Origine : http://nopasaran.samizdat.net/article.php3?id_article=341

Pourquoi avez-vous décidé de publier ce livre "Les silences de la police" avec Jean-Luc Einaudi ?

Au début de l’année, la Préfecture de police de Paris a eu le bon goût de publier un livre intitulé "La Préfecture de police au service des parisiens 1800-2000". Il se trouve que dans cet ouvrage confidentiel, distribué comme cadeau aux entreprises, on a fait ressortir les hauts faits de la police et non les zones d’ombre, et notamment la rafle du 16 juillet 1942 au cours de laquelle 7 000 policiers parisiens ont arrêté 7000 juifs et le massacre des Algériens le 17 octobre 1961 où plus de deux cents algériens furent tués. Je ne crois pas que l’on puisse raisonner en terme d’échelle : c’était plus grave en 42 qu’en 61 ; le problème c’est de savoir si la police est attachée à un servie de maintien de l’ordre, de sécurisation ou des tâches de recherche criminelle. Je crois même qu’il y a des circonstances aggravantes en 1961. En 1942, les policiers français ont livré des milliers de juifs à la Gestapo alors qu’en 1961, ils ont été directement les assassins.

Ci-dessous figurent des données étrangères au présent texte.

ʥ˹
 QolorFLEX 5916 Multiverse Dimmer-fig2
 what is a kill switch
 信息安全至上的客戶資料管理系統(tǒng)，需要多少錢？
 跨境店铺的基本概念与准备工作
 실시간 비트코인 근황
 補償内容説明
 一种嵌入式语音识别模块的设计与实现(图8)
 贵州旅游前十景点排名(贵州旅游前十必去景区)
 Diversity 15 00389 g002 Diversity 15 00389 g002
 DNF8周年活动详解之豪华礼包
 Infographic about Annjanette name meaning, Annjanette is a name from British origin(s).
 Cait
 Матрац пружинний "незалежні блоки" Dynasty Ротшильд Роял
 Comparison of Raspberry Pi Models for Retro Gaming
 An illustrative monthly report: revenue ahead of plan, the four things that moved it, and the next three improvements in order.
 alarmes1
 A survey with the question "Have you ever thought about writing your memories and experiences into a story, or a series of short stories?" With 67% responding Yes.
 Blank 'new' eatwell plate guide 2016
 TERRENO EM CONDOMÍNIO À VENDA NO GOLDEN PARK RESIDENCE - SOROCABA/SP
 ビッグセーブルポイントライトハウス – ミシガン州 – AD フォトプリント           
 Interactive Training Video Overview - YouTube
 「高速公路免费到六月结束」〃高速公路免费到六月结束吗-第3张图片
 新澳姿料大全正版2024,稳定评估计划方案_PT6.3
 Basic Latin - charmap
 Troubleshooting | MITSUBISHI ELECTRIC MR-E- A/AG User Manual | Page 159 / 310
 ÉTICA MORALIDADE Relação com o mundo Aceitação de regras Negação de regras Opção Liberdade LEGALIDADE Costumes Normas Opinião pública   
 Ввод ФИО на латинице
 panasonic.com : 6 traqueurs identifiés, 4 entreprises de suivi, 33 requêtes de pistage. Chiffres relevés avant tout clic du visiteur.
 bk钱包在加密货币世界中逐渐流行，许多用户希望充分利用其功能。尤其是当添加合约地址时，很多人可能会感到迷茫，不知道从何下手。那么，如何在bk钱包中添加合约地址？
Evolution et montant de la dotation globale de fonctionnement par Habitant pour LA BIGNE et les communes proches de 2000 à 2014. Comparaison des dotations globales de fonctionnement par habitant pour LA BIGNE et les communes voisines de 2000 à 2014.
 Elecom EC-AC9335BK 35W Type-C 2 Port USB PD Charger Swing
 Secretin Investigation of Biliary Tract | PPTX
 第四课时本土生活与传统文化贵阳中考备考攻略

En parlant de ce rapport, vous employez un terme fort, vous parlez de relent de négationnisme.

Oui, parce qu’il est dit dans cet ouvrage pour la rafle le 16 juillet 1942 par exemple , que "la police parisienne a été sollicitée", comme si l’on avait forcé ces "braves gens" à faire ce travail. Il n’y a aucun discours sur le comportement des policiers. On ne veut pas dire que la police de ce pays a été au service de la Gestapo.

Peut-on parler de la collaboration de la police française avec le régime nazi ?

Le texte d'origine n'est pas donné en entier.